Other than that, there really isn't a whole lot to complain about storywise. It was really nice seeing Mahana Village and the nearby area looking like the apocalypse is near once Oltura has awoken. A lot of games seem to have this "impending doom" feeling coming, but then when you go back to previous areas there's no visuals indicating anything is out of the ordinary. Here that's not the case, and the feeling of horror can be seen as you explore the island of Mahana. If you travel to the other areas, everything is as normal, but with Mahana being an off-shore island away from the rest of the world, this makes perfect sense.

The different areas you can explore are really nice to look at. Other than Loloska feeling more linear with small pathways and less open-world than the previous areas, and the beautiful visuals and cherry blossoms of the Pomore Garden not getting more space, every region manages to feel distinct, with the Lamure region being the standout for us. Each region has their own assortment of Monsters roaming the overworld, which change as you progress through the story.

My only gripe with Monsties is some of them feel like they should have more than 1 riding action; which are skills to help you traverse the overworld. Monstie's that can swim help you travel the oceans and rivers, some can break rocks in your way, and even climb up vines. For example, Mizutsune feels like the perfect fit to be able to swim, but it's stuck with the single Dash ability. The same goes for Tigrex, Rock Breaker and Ivy Climb seem much more beneficial, but it's stuck with Ivy Climb and Dash... 

A lot of other Monsters suffer this problem, too, with only being stuck with one action, when they could easily benefit gaining an additional one. Anjanath and Zinogre are such cool Monsters I'd love to have on my team, but they're stuck with the single circumstantial skills of Roar and Jump, respectively. Having one of each attack type on your team is easy enough, but then balancing that so you have enough riding skills to reach any hidden areas and chests becomes a challenge. Thankfully, other than the fly ability, most of these field abilities are only really needed to grab chests in the overworld that have rewards.
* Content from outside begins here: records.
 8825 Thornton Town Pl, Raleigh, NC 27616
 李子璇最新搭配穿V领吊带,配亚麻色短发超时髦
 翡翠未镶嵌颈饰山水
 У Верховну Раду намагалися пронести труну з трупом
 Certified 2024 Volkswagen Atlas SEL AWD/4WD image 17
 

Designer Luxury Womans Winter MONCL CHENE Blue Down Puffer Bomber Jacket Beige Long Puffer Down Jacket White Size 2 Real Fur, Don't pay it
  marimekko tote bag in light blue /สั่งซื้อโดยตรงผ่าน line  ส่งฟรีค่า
There are Monsters from every main line Monster Hunter game included, but there's a severe lacking of Iceborne and Rise Monsters. Iceborne only has Velkhana and Fulgar Anjanath, whilst Rise only has the Palamute for representation (there could be a few more, I'm just going off memory here). It's understandable, as these games were all in development at the same time, but they managed to make way for 2 Iceborne Monsters, they could have easily given some of the base World monsters their subspecies. This is just a minor nitpick, and comes down to my greed of wanting lots of Monsters in the game.

On the topic of Riding, some of their movements feel very... odd. When riding Zamtrios - whilst classified as an amphibian and loosely based off a frog - it hope and bounces around so much, despite all its movements in every other Monster Hunter game not showing this. It does make sense though, and hey, Pokemon did the exact same thing with Venusaur, but its movement just feels very awkward...

The game does offer multiplayer, but I've yet to touch that as of yet. From what I've seen online, it's a fun experience to play with friends, and if you don't have anyone to play with, you can always have computer join you, and the AI seems decent. Capcom also has a roadmap to add updates to the game through out the end of September, which is sure to add a tonne of powerful Monsties to the game, so there's a heap to look forward to once you finish the main campaign.

If you're a fan of the world of Monster Hunter, RPG's, or have just been interested in the Monster Hunter series, this is a good starting point! It's a lot less attentive than the main series game, but still hold it's charm, lore, and world building that the more classic games have. If you're still unsure, you can always download the demo available on the eShop!